(Records from a collection)
----

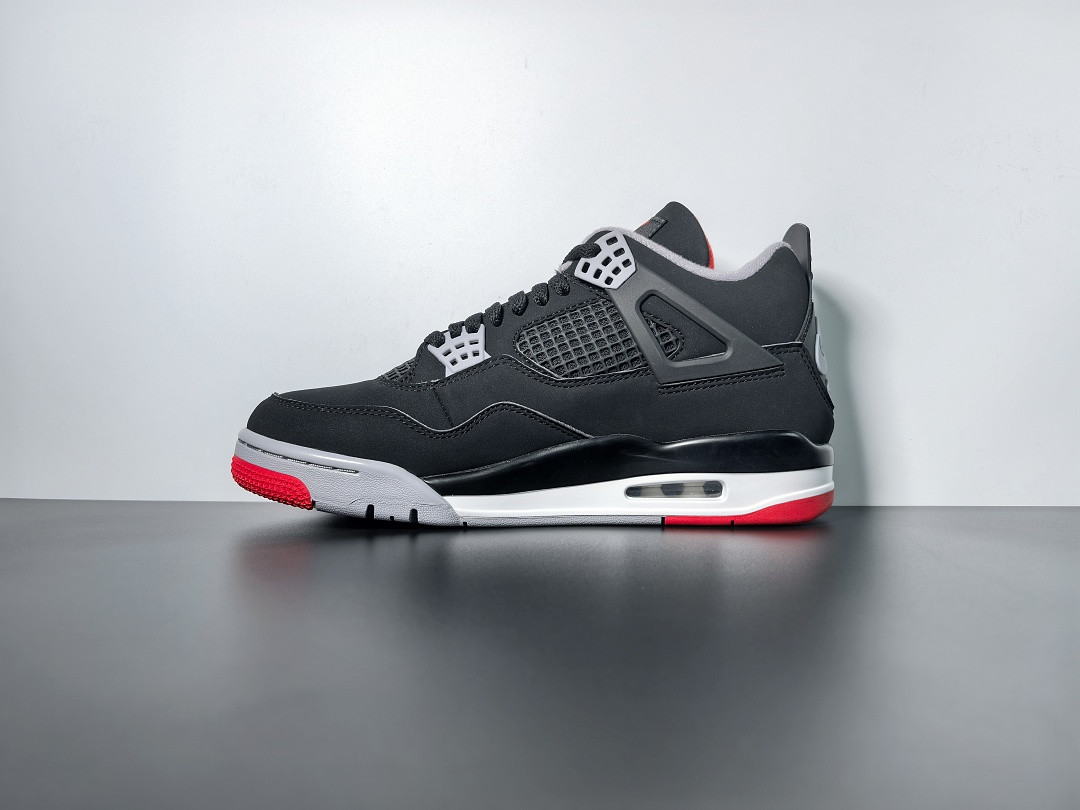Air Jordan 4 Retro OG 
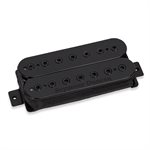 SEYMOUR DUNCAN HOLCOMB SCOURGE BRIDGE 7STR BLK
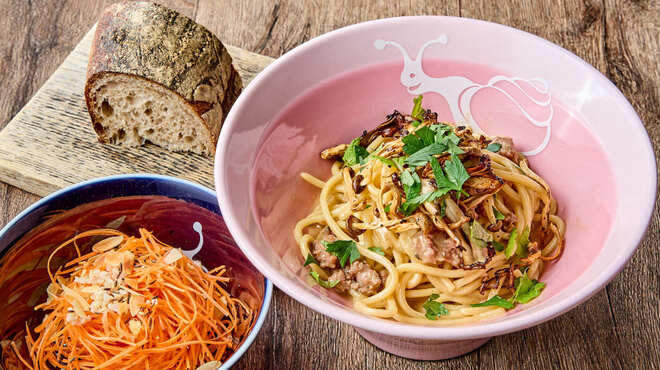 biodinamico - 料理写真:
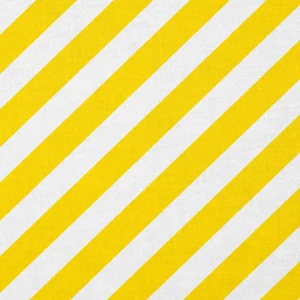 Sunny Stripes - Tela a metros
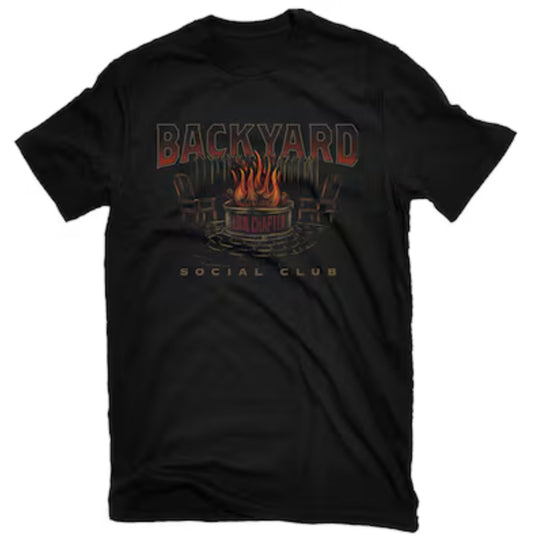 Backyard Tee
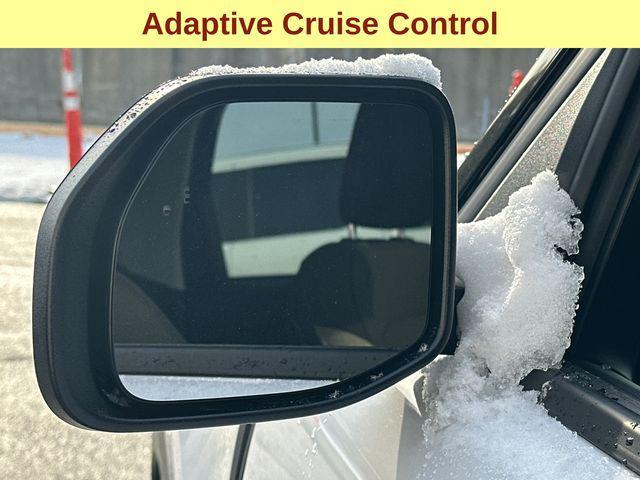 used 2025 Ford Bronco Sport car, priced at $26,977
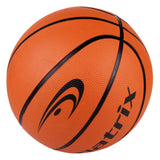 Rubber Basketball, Official Size 7 (29.5-in) Z7K5 - product image 2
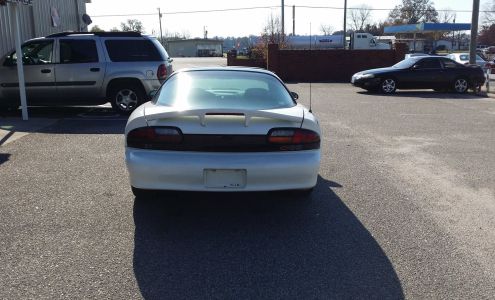 Spider's Checker Flag Auto Sales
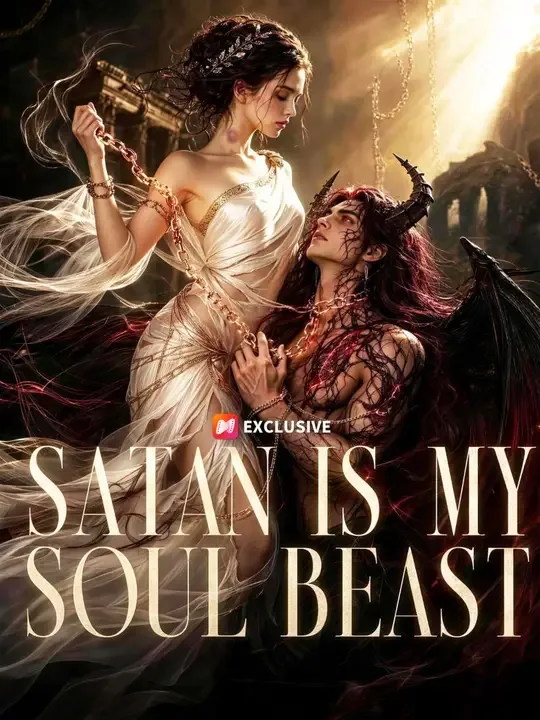 Satan is My Soul Beast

----

- **Exercise details**
Each line from the line containing "Backyard Tee" through the last line above must be written out exactly, and every picture must be omitted.

- **Response to this task**
 Backyard Tee
 used 2025 Ford Bronco Sport car, priced at $26,977
 Rubber Basketball, Official Size 7 (29.5-in) Z7K5 - product image 2
 Spider's Checker Flag Auto Sales
 Satan is My Soul Beast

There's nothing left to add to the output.